Habré hablado tres o cuatro veces con Santiago Abascal. Una de esas ocasiones fue una larga entrevista que acabó con un chuletón de buey de los que más que comerse, se escalan. Me pareció alguien vehemente en sus ideas más sensatas, moderadamente realista en las no tan razonables y escéptico, incluso cínico, respecto a las irracionales. No diré cuáles son estas últimas, pero sí que Abascal parecía muy consciente de qué propuestas de Vox encajaban en cada una de esas tres categorías.
Abascal no me pareció un extremista ni un nostálgico del franquismo, como dibuja la caricatura. Su moral no es la mía, pero porque yo soy ateo de todas las religiones y él también, excepto de una: la suya. Siempre me ha parecido un tipo más americano que español, intuyo que muy a su pesar. Le pega más ser un excomandante de los Navy Seal retirado y metido en política, como el republicano tejano Dan Crenshaw, que un Alejandro Farnesio del siglo XXI. Abascal parece uno de esos tipos que no hacen sonar la campana tres veces aunque suden sangre por los poros.
Si algún día el PSOE necesita los votos de su partido, Abascal será el líder de Vox que menos capas de pintura necesite para resultarle digerible al electorado socialista: vasco, amenazado por ETA, con pareja influencer e instagramer, duro pero noble, con buena imagen y un discurso articulado. ¡Si han blanqueado a Arnaldo Otegi y Oriol Junqueras, cómo no van a aceptar a Santiago Abascal! Dirán que su aterrizaje en las instituciones ha suavizado las formas y moderado su discurso y aquí paz y después gloria.
Y luego está su partido. Los Iván Espinosa de los Monteros, Rocío Monasterio, Javier Ortega Smith y quien sea que lleve su cuenta de Twitter. Una cosa a medio camino del Tea Party y el lenguaje en redes sociales de Donald Trump, pero sin Donald Trump. Un partido más Nigel Farage que Aleksandr Duguin o Viktor Orbán. Por no mencionar el recurso populista del leñazo al periodista para fingir inclemencia con los enemigos, como regurgitando los tropezones mal digeridos de los discursos de Arnold Schwarzenegger en el Conan de John Milius.
Con la superioridad moral de la izquierda y sus campañas de demolición de la lógica política más elemental hemos de lidiar todos. También hemos de lidiar todos con esa carencia de humanidad que lleva a esa misma izquierda a entrevistar a Arnaldo Otegi en televisión mientras le dice a Ortega Lara, poco más o menos, que calle la boca y se vuelva a meter en el zulo. Pero hay algo peor que ser caricaturizado por tu peor enemigo y es esforzarte conscientemente por encajar en esa caricatura. Los troles, mejor en Twitter. Y en el caso de un partido con diputados en el Congreso, ni siquiera ahí.

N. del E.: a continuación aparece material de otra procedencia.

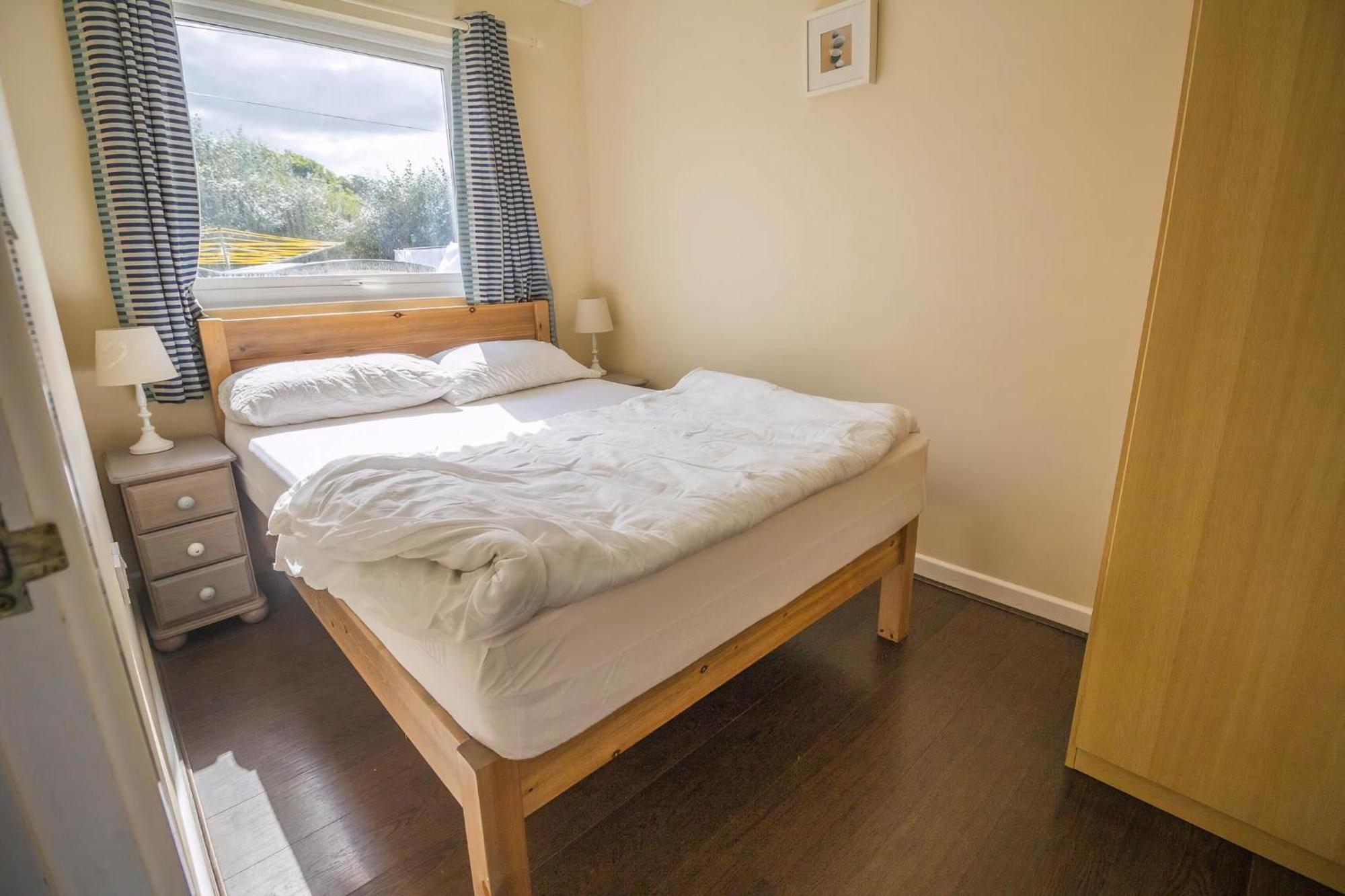 Chalet For Hire At Rainbows End Near A Beautiful Norfolk Beach Ref 31039R Bacton  Exterior foto
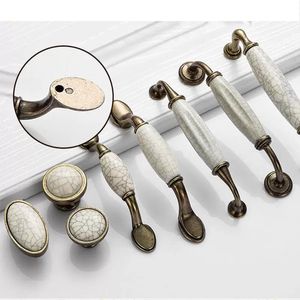 2pcs Antique Crack Ceramic Door Dauds European Meurniture Draker Pulls Kitchen Scile -ручки и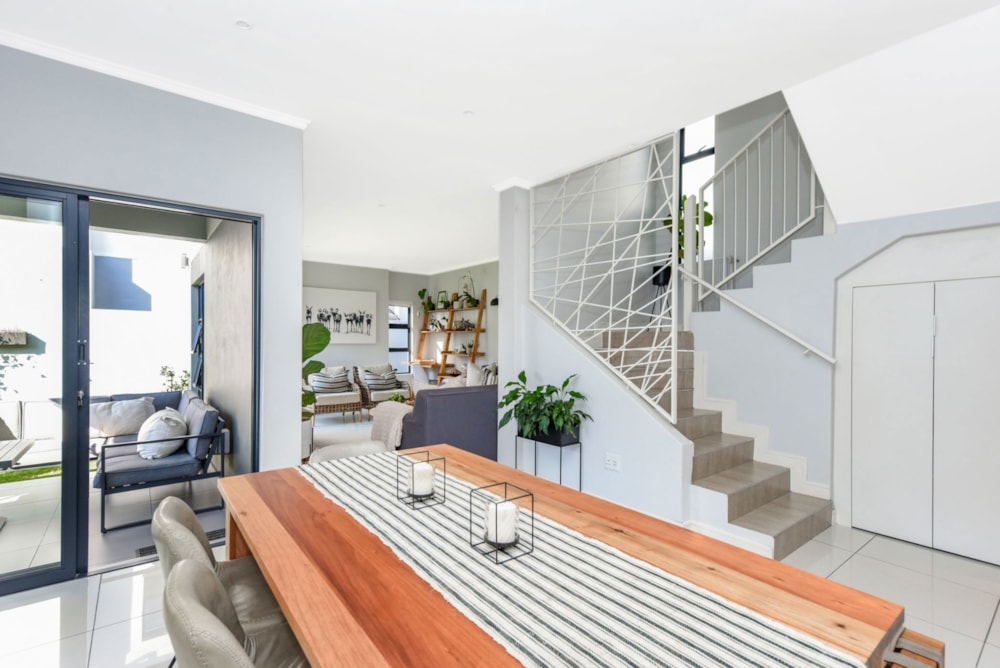 Townhouse for sale in Lonehill - FW1708188 Townhouse for sale in Lonehill - FW1708188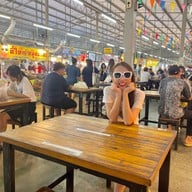 เอแคลร์ ตลาดเดินเล่นท่าพระ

No veo en Vox casi ninguno de los rasgos que vi en Santiago Abascal cuando le entrevisté en Madrid hace aproximadamente un año. Desconozco si la táctica es consciente, si el partido ha crecido demasiado rápido y no ha tenido tiempo de hacer limpieza o si algunos dirigentes del partido andan haciendo la guerra por su cuenta.
Pero Vox transmite ahora mismo la sensación de ser un partido emocional y cabreado, hipersensible frente a las formas de otros e indiferente respecto a las propias, secuestrado por las obsesiones personales de algunos de sus cargos más visibles, ofuscado con batallas culturales ampliamente superadas por la sociedad española y ambicioso por encima de su peso electoral. Es un partido demasiado joven para andar ya tan quemado con el juego de aprecios y desprecios de la política. Que Pedro Sánchez estuviera tan interesado en que Santiago Abascal participara en los debates electorales debería hacerles reflexionar sobre un par de cosas o tres.
Entiendo los motivos por los que nació Vox. Sobre todo los fiscales y los territoriales. Entiendo su aversión por las políticas tributarias socialdemócratas del PP y por la pasividad de Mariano Rajoy frente a los nacionalismos catalán y vasco. Pero lo de ahora no es un partido liberal, constitucionalista y católico –digamos un Ciudadanos conservador en lo moral, alguien al que podrían votar G.K. Chesterton, Roger Scruton, Jean François-Revel o mi admirado Enrique García-Máiquez– sino una orden de templarios en perpetua búsqueda de herejes a los que tronchar. En la derecha sobra un partido y Vox debería plantearse seriamente cuántos Francisco Serrano hay, realmente, en España, porque en el PP se están frotando las manos.